Word for word, copy the line containing "Ford Ranger 2024" and every line after it in the records below, leaving pictures out.

---- GIVEN DATA

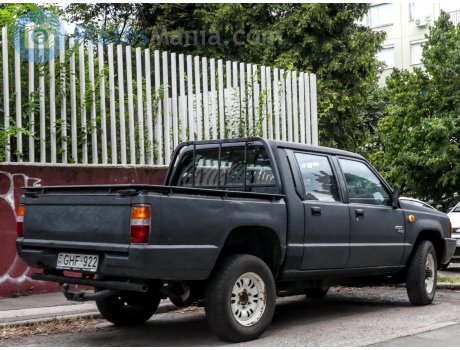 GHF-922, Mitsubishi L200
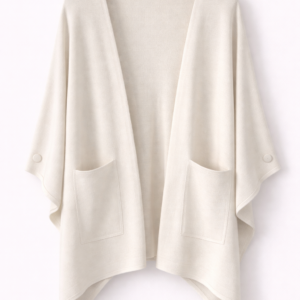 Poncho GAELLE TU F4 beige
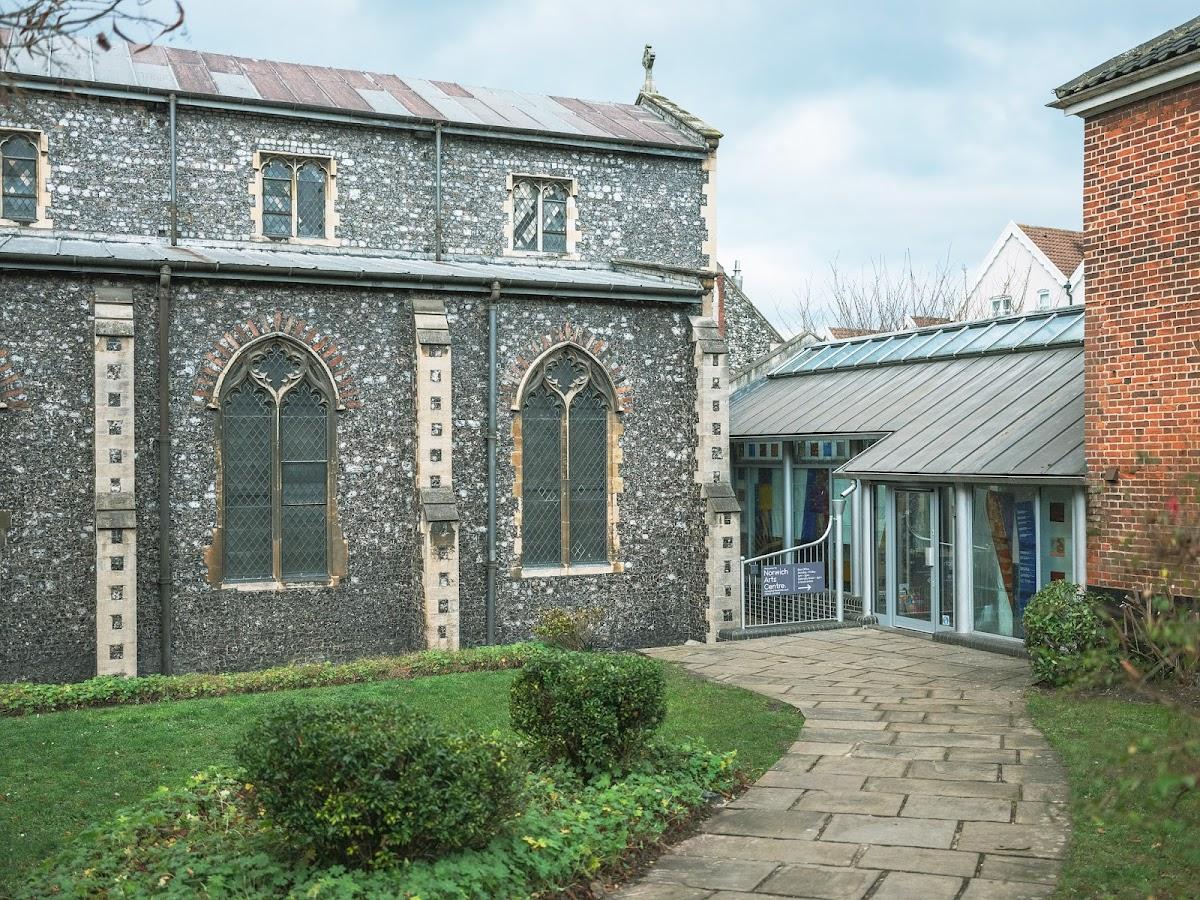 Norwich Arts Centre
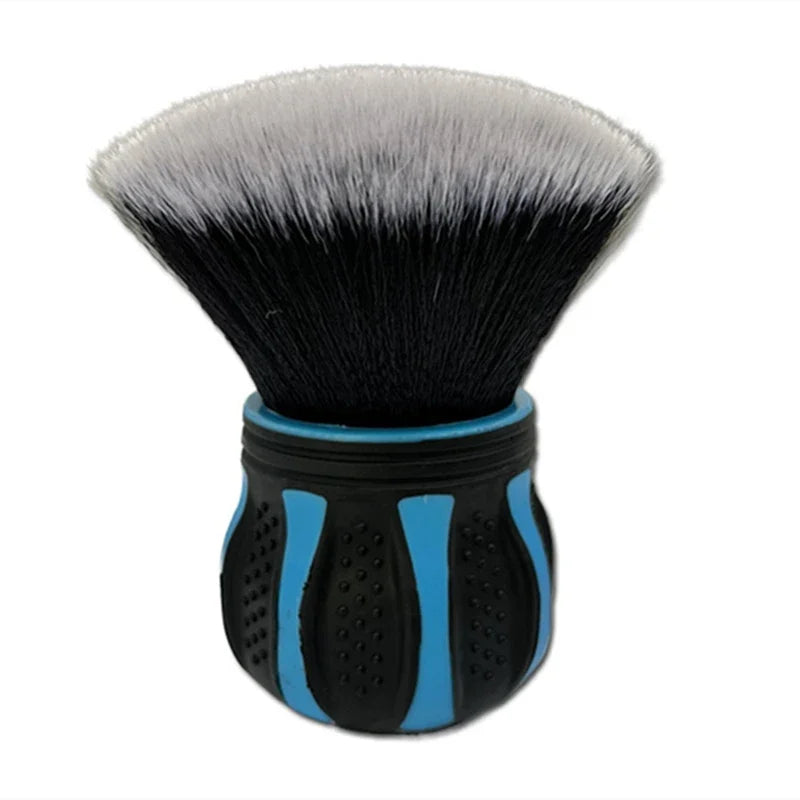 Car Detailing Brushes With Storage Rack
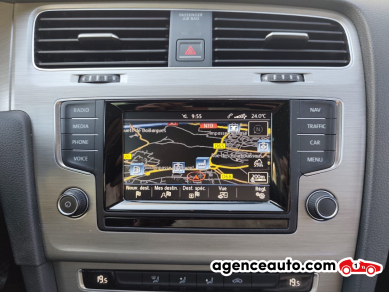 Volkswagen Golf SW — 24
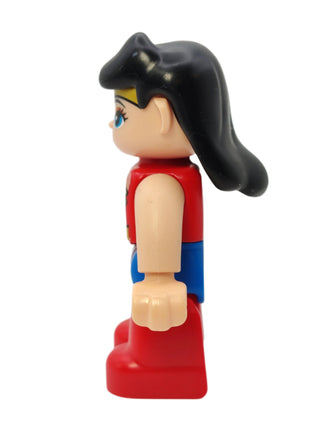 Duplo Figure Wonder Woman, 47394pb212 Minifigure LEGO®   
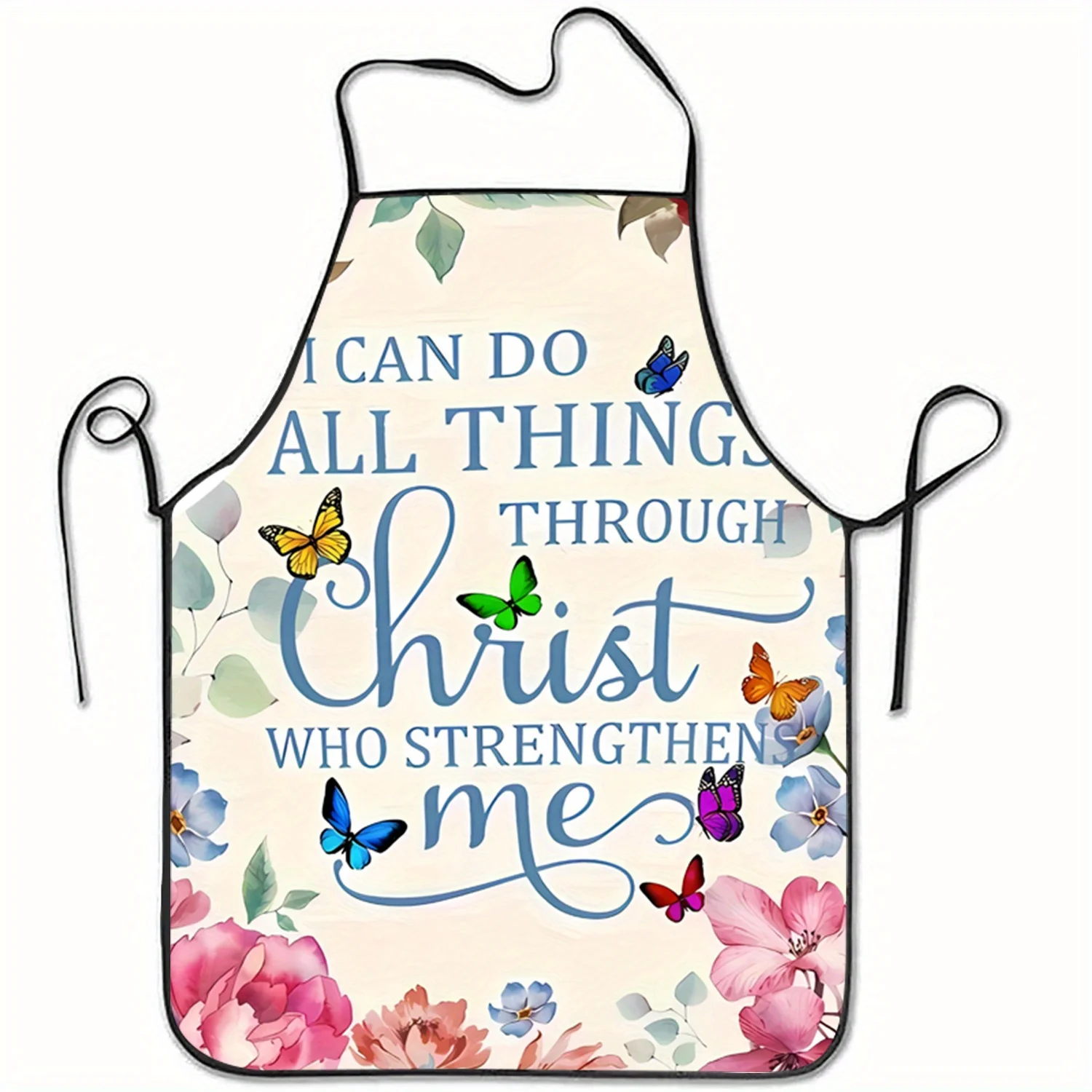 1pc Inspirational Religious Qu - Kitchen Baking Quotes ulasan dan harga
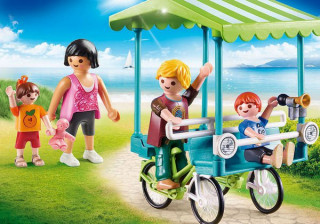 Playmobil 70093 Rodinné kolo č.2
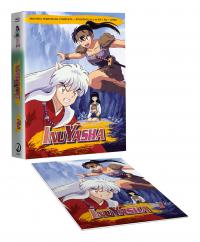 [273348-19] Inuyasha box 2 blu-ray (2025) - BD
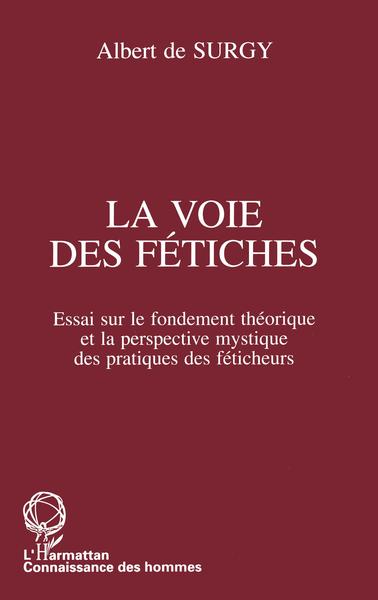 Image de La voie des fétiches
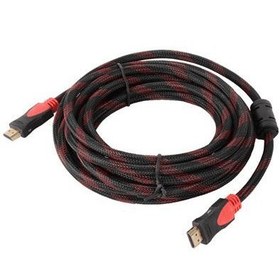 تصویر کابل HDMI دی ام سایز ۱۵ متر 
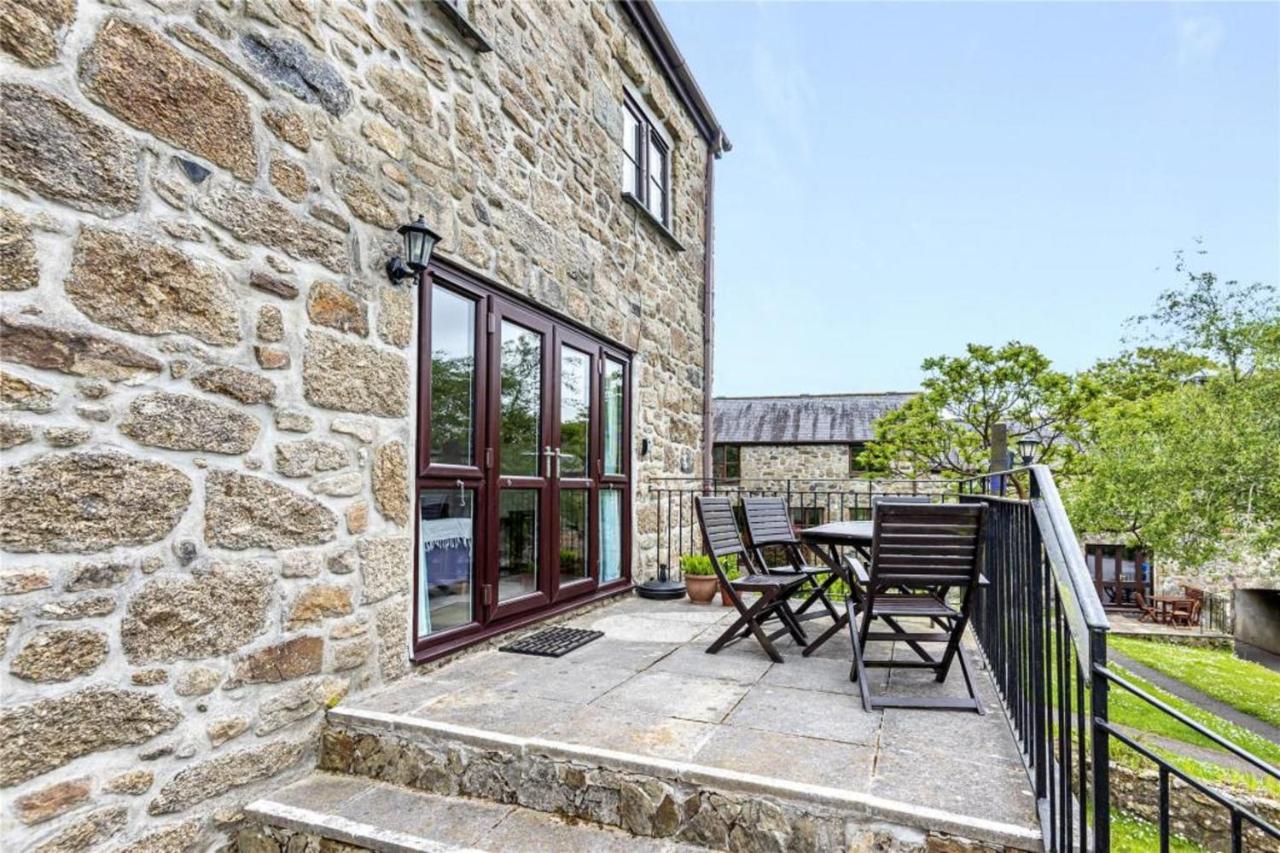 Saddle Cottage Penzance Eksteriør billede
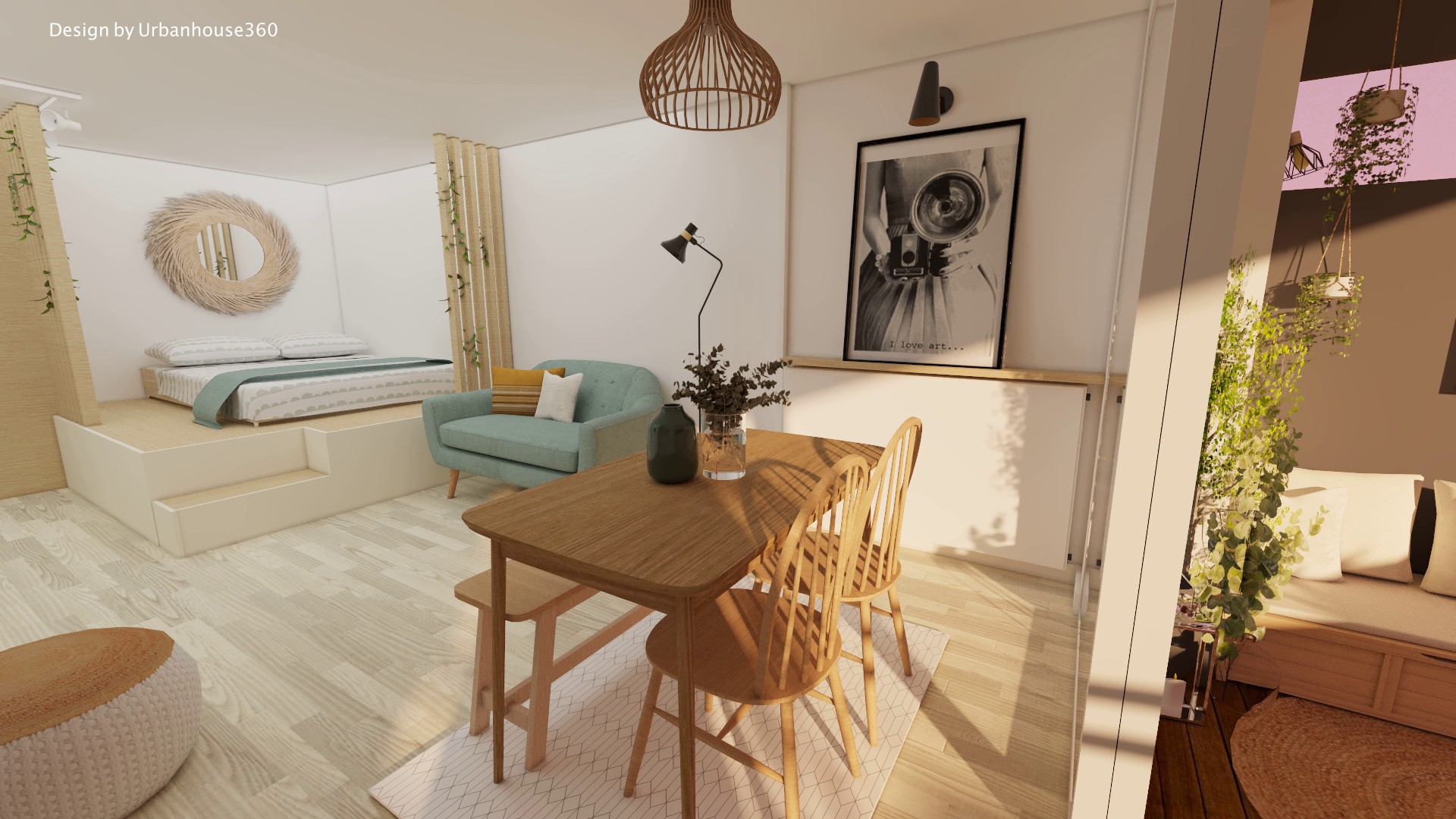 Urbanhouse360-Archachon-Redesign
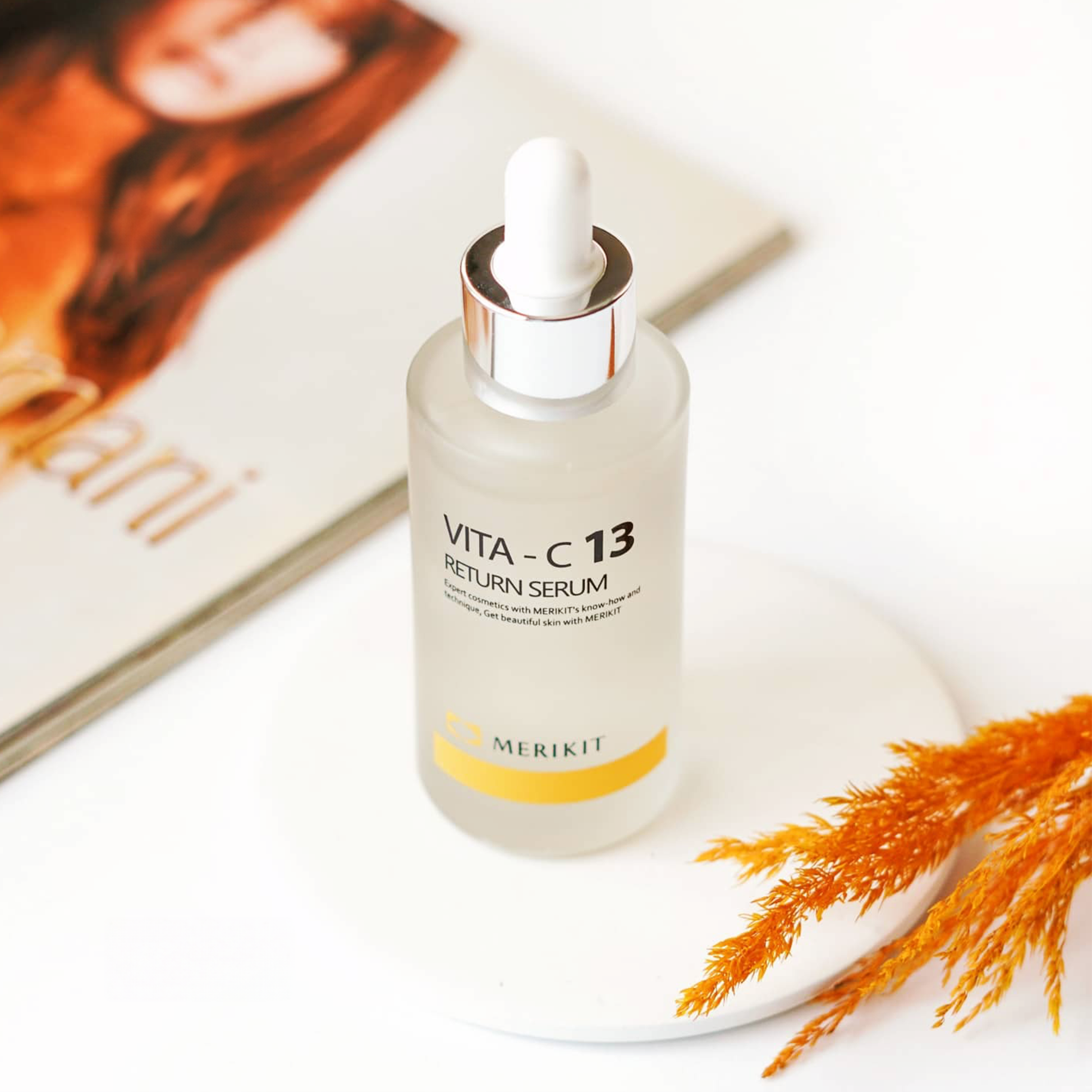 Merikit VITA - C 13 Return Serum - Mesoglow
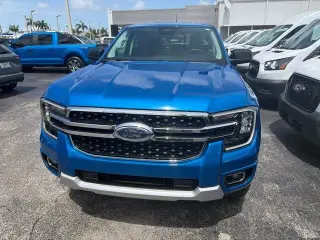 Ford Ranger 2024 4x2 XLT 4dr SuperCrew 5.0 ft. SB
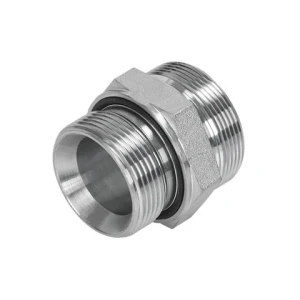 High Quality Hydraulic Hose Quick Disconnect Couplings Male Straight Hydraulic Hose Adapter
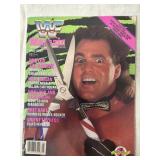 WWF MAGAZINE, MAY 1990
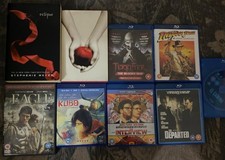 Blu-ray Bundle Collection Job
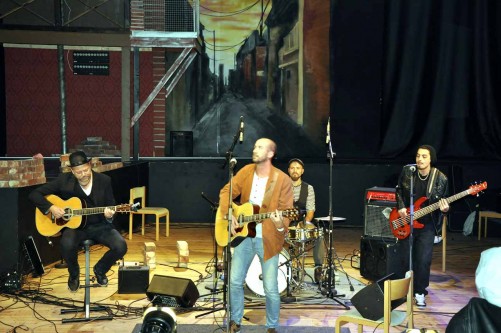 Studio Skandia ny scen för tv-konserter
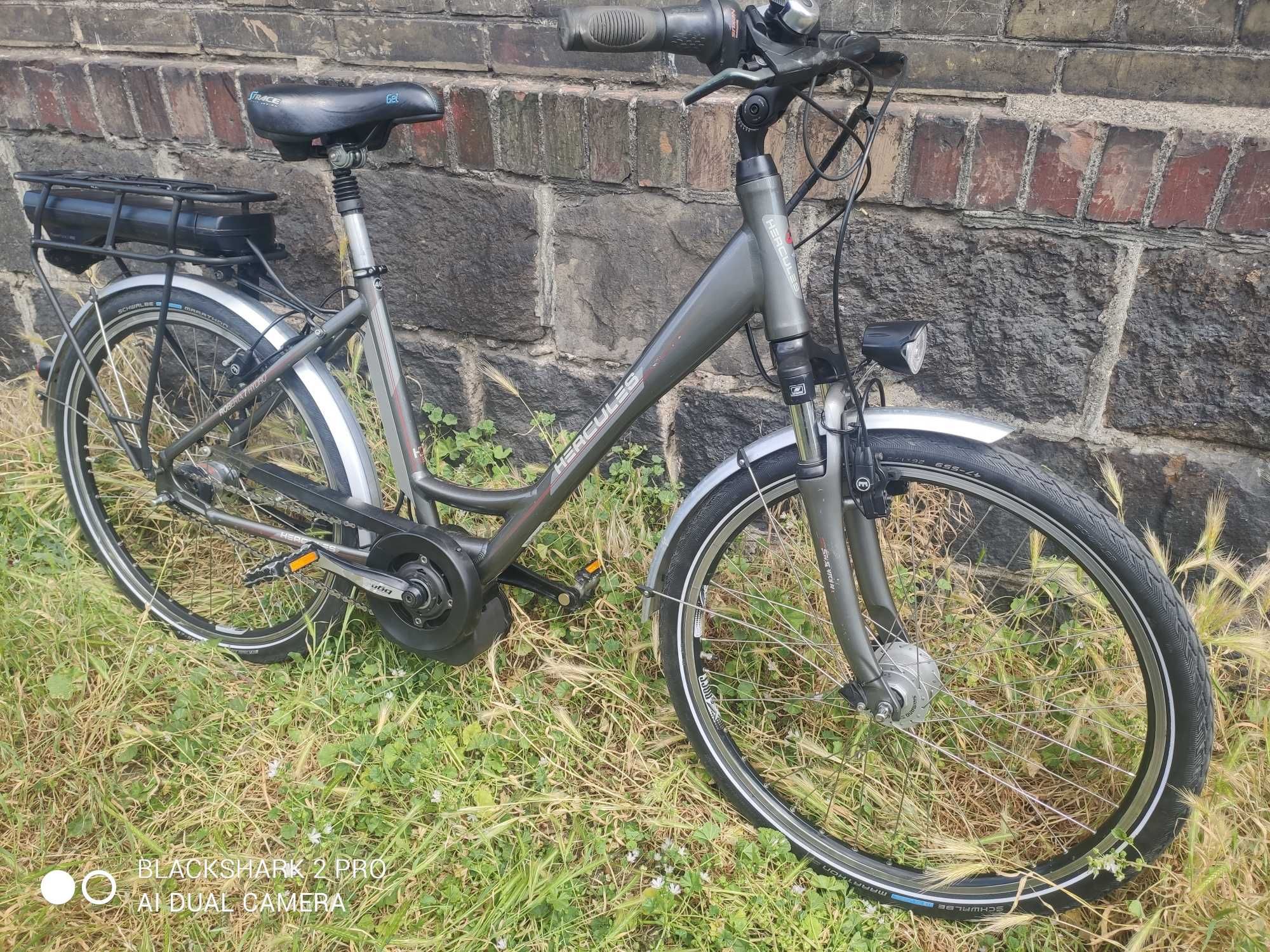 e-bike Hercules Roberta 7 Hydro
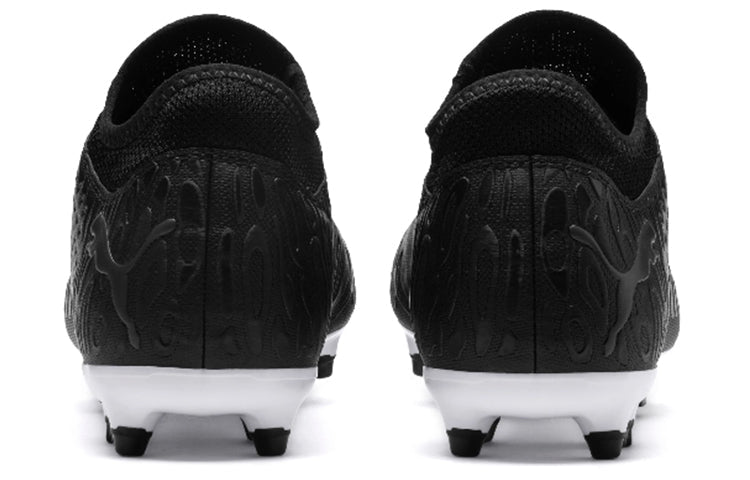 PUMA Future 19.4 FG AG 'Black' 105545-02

--------

TASK RESULT:
 Ford Ranger 2024 4x2 XLT 4dr SuperCrew 5.0 ft. SB
 High Quality Hydraulic Hose Quick Disconnect Couplings Male Straight Hydraulic Hose Adapter
 WWF MAGAZINE, MAY 1990
 Blu-ray Bundle Collection Job
 Studio Skandia ny scen för tv-konserter
 e-bike Hercules Roberta 7 Hydro
 PUMA Future 19.4 FG AG 'Black' 105545-02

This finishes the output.